» **Task description**:
Once you reach the line containing "ジャンヌダルク教会は船の形で" in the data below, restate each line word for word up to and including the one containing "2020 Harley-Davidson Fltrxs".

★ ★ ★

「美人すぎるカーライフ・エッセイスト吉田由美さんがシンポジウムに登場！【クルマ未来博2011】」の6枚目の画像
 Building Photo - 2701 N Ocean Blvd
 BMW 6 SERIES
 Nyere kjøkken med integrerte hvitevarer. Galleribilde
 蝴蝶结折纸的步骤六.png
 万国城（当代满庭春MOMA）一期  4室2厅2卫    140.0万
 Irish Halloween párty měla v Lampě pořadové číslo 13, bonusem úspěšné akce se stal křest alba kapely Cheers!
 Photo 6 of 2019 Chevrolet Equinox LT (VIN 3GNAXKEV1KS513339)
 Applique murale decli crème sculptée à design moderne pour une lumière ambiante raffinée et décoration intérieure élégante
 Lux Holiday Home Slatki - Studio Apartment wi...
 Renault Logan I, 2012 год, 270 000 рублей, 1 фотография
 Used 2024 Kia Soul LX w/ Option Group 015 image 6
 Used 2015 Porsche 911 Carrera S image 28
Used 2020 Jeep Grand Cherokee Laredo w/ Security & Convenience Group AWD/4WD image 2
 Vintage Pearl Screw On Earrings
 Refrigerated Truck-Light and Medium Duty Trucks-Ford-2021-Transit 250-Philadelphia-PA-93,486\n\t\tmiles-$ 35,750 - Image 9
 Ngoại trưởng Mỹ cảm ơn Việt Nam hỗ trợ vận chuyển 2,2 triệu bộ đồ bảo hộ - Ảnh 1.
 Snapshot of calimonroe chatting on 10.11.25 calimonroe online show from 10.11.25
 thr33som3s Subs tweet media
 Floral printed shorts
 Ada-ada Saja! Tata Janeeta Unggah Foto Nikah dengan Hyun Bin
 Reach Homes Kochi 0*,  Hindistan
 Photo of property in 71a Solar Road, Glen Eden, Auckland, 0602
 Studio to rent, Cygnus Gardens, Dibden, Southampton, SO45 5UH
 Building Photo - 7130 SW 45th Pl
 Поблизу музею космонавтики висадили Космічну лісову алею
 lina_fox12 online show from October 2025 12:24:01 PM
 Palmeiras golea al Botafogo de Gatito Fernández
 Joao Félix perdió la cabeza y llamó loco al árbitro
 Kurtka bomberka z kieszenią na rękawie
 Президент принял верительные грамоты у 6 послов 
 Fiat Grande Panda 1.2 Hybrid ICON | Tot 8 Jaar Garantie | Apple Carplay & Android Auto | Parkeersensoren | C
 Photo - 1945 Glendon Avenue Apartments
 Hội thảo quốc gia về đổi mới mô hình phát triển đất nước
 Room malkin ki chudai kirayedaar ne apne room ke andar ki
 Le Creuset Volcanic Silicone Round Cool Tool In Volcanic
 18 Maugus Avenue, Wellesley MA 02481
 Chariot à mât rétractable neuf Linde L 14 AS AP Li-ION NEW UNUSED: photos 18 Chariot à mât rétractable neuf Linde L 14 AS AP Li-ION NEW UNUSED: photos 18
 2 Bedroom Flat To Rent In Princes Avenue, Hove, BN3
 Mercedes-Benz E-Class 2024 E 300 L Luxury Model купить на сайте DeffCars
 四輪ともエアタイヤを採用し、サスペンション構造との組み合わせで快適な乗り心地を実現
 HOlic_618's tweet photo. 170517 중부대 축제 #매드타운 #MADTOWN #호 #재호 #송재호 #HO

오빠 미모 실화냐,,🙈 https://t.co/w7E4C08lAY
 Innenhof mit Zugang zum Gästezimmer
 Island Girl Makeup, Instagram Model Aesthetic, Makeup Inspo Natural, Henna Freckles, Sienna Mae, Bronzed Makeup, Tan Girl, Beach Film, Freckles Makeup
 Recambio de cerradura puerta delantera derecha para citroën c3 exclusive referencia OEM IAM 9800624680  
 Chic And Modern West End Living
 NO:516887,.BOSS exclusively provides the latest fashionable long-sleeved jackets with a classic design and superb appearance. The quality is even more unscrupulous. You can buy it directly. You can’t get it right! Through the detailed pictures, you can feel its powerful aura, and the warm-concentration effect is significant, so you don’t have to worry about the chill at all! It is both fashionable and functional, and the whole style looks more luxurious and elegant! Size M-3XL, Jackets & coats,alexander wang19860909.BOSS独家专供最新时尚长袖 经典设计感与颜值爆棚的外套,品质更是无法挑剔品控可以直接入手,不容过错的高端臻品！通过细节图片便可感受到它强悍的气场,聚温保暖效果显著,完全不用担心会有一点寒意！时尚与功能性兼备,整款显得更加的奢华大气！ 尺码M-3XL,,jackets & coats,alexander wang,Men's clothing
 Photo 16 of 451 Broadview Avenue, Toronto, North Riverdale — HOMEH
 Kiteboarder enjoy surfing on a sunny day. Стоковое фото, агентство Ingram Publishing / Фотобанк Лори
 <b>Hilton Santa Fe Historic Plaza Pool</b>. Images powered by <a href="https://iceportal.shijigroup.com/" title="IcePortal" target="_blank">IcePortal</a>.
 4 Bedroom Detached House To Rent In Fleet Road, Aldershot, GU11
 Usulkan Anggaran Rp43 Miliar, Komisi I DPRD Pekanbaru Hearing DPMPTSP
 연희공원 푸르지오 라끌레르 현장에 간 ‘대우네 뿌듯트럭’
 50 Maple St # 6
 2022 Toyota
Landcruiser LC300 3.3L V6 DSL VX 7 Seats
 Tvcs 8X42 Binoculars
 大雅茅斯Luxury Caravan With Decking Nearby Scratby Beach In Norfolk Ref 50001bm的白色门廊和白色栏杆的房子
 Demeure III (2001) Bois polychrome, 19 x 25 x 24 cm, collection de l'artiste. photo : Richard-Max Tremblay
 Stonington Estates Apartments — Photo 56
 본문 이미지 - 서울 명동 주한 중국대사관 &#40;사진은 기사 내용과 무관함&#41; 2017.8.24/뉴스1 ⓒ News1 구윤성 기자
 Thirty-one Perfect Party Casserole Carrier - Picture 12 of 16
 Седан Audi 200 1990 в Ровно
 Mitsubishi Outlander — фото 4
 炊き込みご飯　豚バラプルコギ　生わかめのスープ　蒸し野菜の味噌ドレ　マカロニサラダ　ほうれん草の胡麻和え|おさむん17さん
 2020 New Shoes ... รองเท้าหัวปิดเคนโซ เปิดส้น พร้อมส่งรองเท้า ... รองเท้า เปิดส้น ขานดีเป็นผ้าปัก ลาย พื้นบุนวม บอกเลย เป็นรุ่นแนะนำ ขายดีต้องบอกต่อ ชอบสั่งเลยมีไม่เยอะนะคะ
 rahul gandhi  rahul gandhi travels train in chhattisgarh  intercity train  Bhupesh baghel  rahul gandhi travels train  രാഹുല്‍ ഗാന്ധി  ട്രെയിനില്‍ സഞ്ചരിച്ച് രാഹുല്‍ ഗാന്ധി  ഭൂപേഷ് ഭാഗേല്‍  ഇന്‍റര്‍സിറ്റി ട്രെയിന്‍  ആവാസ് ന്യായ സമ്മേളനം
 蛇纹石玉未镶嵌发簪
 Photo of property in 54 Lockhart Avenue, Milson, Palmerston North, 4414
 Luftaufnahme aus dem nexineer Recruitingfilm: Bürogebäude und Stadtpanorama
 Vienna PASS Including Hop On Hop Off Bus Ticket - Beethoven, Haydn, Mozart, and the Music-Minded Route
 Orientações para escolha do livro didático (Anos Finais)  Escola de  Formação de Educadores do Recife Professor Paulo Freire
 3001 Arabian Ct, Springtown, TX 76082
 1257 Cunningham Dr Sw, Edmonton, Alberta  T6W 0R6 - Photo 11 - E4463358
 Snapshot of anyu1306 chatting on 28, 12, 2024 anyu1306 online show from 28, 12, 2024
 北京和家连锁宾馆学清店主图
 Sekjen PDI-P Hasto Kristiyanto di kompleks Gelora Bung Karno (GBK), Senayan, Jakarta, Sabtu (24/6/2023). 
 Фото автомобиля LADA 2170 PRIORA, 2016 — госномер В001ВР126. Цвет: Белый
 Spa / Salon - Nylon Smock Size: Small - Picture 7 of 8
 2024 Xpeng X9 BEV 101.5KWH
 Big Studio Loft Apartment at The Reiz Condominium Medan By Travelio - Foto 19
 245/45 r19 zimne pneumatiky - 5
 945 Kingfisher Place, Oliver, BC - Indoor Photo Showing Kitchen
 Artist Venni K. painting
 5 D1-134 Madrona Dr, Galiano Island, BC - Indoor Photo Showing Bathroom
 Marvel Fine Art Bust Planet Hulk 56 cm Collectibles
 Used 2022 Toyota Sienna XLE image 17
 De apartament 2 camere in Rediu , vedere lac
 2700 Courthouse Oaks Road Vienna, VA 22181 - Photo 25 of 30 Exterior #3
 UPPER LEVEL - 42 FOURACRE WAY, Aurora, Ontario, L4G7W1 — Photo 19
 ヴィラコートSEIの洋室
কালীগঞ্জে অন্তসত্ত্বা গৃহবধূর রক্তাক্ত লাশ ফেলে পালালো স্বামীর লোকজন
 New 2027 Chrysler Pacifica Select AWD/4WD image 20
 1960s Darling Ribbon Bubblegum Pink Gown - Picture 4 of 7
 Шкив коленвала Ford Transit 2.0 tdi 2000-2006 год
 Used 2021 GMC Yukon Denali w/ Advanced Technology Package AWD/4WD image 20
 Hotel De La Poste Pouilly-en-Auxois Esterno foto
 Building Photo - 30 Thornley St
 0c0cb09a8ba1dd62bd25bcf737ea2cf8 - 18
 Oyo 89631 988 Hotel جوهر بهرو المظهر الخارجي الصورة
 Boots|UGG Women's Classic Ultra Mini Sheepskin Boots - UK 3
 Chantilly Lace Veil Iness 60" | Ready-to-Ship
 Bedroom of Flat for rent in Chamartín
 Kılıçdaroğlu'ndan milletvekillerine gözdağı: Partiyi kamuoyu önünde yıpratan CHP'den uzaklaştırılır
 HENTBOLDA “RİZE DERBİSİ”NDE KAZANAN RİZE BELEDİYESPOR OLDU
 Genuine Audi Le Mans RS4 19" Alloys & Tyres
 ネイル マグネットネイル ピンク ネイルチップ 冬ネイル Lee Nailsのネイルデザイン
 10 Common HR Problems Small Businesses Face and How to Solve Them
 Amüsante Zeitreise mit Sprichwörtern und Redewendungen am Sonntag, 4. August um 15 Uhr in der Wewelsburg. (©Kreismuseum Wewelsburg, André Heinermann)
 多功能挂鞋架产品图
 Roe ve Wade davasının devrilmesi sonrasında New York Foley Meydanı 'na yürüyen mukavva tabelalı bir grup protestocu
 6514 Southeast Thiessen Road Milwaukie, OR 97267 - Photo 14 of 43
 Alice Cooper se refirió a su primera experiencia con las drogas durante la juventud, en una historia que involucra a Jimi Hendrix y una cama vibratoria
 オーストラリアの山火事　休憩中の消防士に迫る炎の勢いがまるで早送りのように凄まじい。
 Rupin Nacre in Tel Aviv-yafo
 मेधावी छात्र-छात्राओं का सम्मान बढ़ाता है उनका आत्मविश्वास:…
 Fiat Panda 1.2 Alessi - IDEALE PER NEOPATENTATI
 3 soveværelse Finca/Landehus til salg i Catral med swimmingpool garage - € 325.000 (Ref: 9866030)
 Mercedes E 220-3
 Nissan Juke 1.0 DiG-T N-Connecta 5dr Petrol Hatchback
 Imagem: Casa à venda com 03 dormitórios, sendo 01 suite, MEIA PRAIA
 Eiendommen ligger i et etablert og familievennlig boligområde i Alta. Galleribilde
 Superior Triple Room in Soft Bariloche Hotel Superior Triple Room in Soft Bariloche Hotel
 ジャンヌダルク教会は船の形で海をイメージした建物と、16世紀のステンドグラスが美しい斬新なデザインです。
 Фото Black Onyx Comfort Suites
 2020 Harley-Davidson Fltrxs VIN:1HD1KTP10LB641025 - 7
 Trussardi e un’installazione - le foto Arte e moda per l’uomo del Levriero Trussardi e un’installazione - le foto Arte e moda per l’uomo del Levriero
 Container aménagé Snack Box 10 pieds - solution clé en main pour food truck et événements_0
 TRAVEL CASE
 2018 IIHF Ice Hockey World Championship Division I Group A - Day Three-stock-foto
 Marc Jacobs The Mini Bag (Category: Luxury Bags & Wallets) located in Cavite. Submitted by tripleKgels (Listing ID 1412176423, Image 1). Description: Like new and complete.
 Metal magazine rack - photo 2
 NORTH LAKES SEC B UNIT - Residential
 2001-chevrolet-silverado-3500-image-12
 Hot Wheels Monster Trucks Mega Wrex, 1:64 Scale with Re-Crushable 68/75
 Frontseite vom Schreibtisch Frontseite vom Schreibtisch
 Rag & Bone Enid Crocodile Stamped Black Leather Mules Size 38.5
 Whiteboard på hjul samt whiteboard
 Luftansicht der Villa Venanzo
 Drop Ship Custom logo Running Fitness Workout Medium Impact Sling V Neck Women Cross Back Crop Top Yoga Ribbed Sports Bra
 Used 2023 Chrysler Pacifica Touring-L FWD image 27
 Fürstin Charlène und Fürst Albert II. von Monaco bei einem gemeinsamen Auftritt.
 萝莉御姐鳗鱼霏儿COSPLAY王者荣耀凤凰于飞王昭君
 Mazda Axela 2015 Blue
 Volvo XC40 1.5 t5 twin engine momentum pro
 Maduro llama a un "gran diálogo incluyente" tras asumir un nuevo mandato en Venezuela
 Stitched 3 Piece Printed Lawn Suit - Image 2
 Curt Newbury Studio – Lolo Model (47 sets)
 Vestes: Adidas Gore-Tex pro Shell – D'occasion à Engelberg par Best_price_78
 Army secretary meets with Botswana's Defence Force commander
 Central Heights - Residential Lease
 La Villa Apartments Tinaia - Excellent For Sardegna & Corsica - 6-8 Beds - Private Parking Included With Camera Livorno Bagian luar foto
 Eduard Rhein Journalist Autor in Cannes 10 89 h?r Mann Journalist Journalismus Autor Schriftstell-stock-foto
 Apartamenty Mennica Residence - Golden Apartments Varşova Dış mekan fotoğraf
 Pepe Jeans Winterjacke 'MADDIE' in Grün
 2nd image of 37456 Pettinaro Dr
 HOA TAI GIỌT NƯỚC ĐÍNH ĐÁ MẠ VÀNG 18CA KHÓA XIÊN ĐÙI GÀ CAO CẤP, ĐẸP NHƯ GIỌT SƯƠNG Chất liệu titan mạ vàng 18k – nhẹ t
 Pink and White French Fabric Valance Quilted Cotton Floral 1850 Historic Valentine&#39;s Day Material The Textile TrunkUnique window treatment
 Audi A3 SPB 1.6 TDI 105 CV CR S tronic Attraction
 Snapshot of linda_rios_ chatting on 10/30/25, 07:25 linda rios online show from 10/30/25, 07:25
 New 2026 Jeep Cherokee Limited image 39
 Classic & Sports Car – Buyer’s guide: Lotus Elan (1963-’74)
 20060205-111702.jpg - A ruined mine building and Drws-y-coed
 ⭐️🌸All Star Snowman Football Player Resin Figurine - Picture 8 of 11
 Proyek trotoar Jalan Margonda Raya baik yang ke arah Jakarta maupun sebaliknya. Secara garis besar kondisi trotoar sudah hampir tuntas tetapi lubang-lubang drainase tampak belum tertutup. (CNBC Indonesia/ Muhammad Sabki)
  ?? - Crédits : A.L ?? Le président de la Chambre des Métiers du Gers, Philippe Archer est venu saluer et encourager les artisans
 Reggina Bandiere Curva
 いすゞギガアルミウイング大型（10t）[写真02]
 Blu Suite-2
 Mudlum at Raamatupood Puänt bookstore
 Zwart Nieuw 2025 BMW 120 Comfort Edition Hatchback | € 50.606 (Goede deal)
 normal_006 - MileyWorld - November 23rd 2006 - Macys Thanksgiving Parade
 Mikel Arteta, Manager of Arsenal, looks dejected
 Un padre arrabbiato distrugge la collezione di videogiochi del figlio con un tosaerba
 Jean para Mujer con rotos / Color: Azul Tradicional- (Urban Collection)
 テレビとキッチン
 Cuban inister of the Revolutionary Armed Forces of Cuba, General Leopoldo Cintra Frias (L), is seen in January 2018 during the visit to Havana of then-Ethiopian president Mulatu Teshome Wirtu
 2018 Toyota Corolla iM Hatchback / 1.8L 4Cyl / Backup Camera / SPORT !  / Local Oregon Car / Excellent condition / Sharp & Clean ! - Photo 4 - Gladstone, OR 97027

★ ★ ★

» **Expected output**:
 ジャンヌダルク教会は船の形で海をイメージした建物と、16世紀のステンドグラスが美しい斬新なデザインです。
 Фото Black Onyx Comfort Suites
 2020 Harley-Davidson Fltrxs VIN:1HD1KTP10LB641025 - 7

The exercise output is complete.